Mazie for Senate

Next year, Congress will be making critical decisions about government funding for education, job training, housing, health care, social security, youth and senior centers and civil rights enforcement.   Congress will also be taking up immigration, racial profiling, workforce investment and no child left behind. These policy choices will have a disproportionate impact on Asian Americans and their families.

So it is exciting that we have a historic number of Asian Americans running for Congress who have a good chance of winning in November.  There is Mark Takano, a High School teacher who is running for Congress in Riverside, California and Tammy Duckworth, an Iraq war veteran who is running for Congress in the Chicago suburbs against an infamous tea party freshman in Congress.

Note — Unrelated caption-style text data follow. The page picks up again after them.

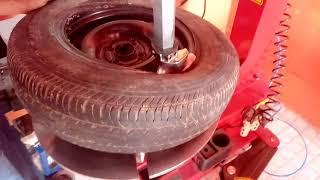 Tyre Changer machine |naya tyre kaise dale|  taayar changer masheen for ceat | MRF tyre |8114167452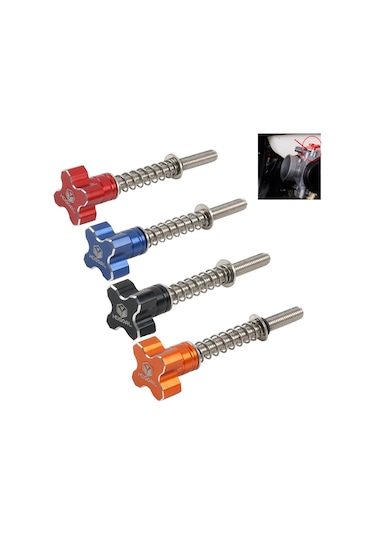 Dinosaurs Siyah Ktm/hs Exc Fe Efı Gaz Kelebeği Ayar Vidası Rölanti Hızı Alüminyum Alaşımlı Ayar Vidası İçin Uygundur Gosterildigi Gibi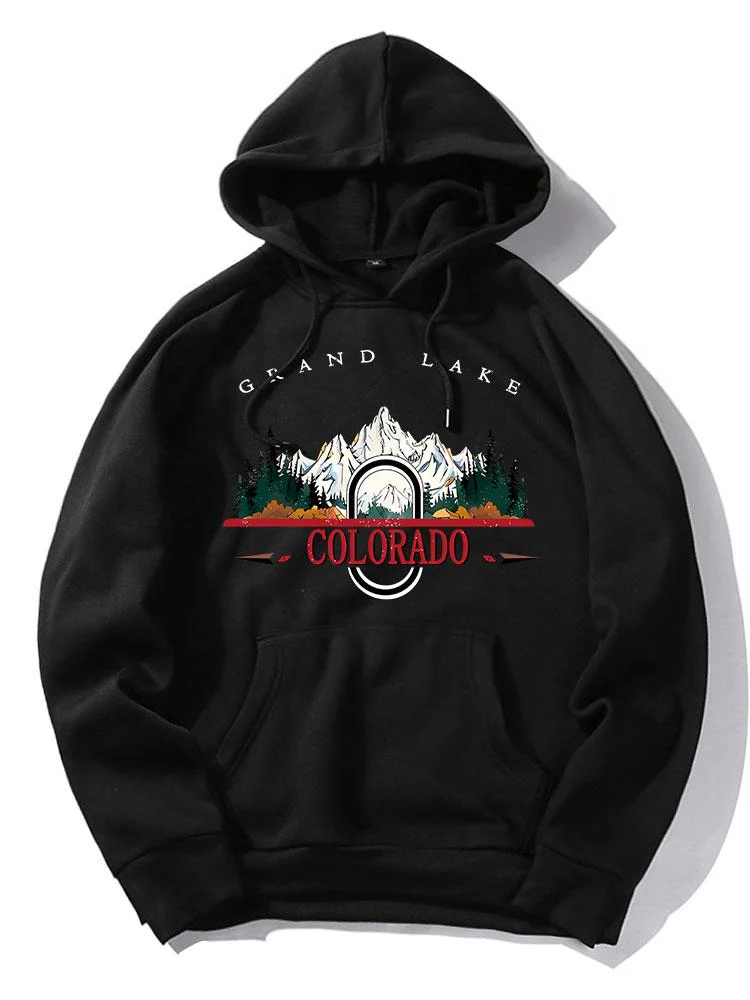 Colorado Mountain Print Hoodie - Image 3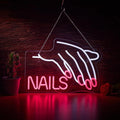 Nails Salon Neon Sign Dimmable Neon Light by ZODZ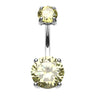 Steel Kingdom Gem Navel Bar - Fixed (non-dangle) Belly Bar. Navel Rings Australia.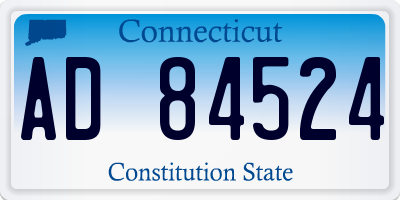 CT license plate AD84524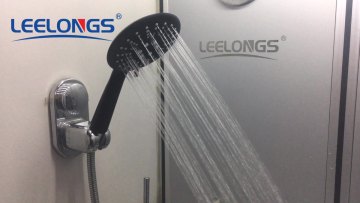 Leelongs Bathroom 12CM Massage 3 functional Black Handheld Shower1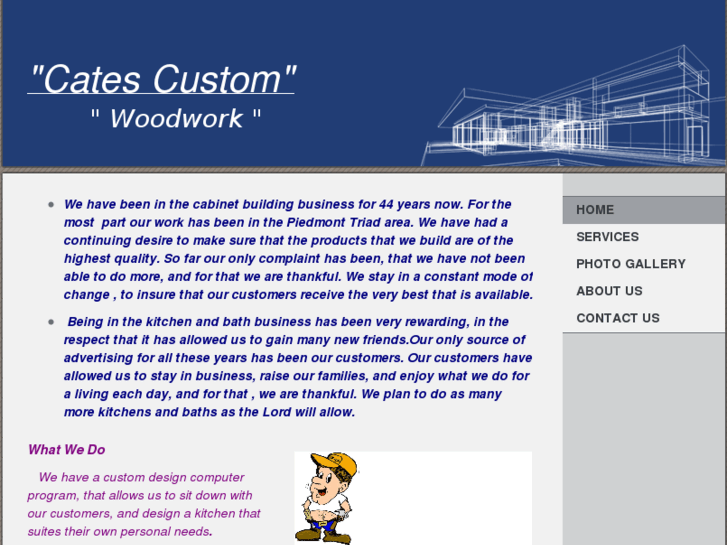 www.catescustomwoodwork.com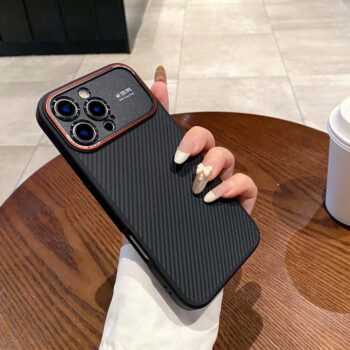 Carbon Fiber MagSafe Case with Framed Camera Window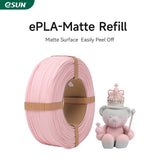 eSUN Upgraded PLA-Matte 1.75mm Filament Refill for 3D Printer No Spool 1KG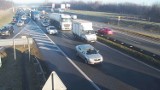 Roboty drogowe i wypadek na A4. Duże utrudnienia na obwodnicy Krakowa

And we have an historic opportunity to see the first Asian American woman elected to the U.S. Senate.  Congresswoman Mazie Hirono from Hawaii is facing off against former Governor Linda Lingle.  When Mazie was a little girl, her mother fled an abusive husband in Japan and immigrated with Mazie and her brother to Hawaii to start a new life together.  Mazie watched her mother strive every day to provide food and shelter for them.  She understands first-hand how tough it can be for vulnerable families and the important role government can play in providing a safety net while also investing in communities.  Speaking no English initially, Mazie attended public schools and put herself through college, graduating Phi Beta Kappa from the University of Hawaii and earning her law degree from Georgetown University.  She went on to serve in the Hawaii State Legislature and then as Lieutenant Governor before she ran and won her House seat in 2006.

We are seeing extraordinary attacks on federal programs and laws serving women, minorities and immigrants – programs that often affect access and funding on a local level.  If elected to the U.S. Senate, Mazie can be the vital and effective voice we need to ensure that we continue to make progress as a nation to opening up opportunities and ensuring fairness.

These battles are going on in the courts as well as Congress.  President Obama has made an unprecedented number of appointments of women and minorities to the federal bench.  We’ve seen the important role federal judges are playing.  Under his Administration the number of Asian American women federal judges has more than tripled and we had the first Asian American woman sworn in as a federal appellate judge.  However, the partisan confirmation battles in the Senate have been unnecessarily brutal with conservative senators largely blocking exceptionally well qualified women and minorities like Goodwin Liu.  Imagine how different the Senate debate could be with Mazie’s powerful voice as an experienced legislator who can personally speak to the importance of a more diverse judiciary.

If she wins, Mazie would be the only woman of color in the senate, as well as the only immigrant.  There hasn’t been a minority woman since Carol Mosely Braun who was the first.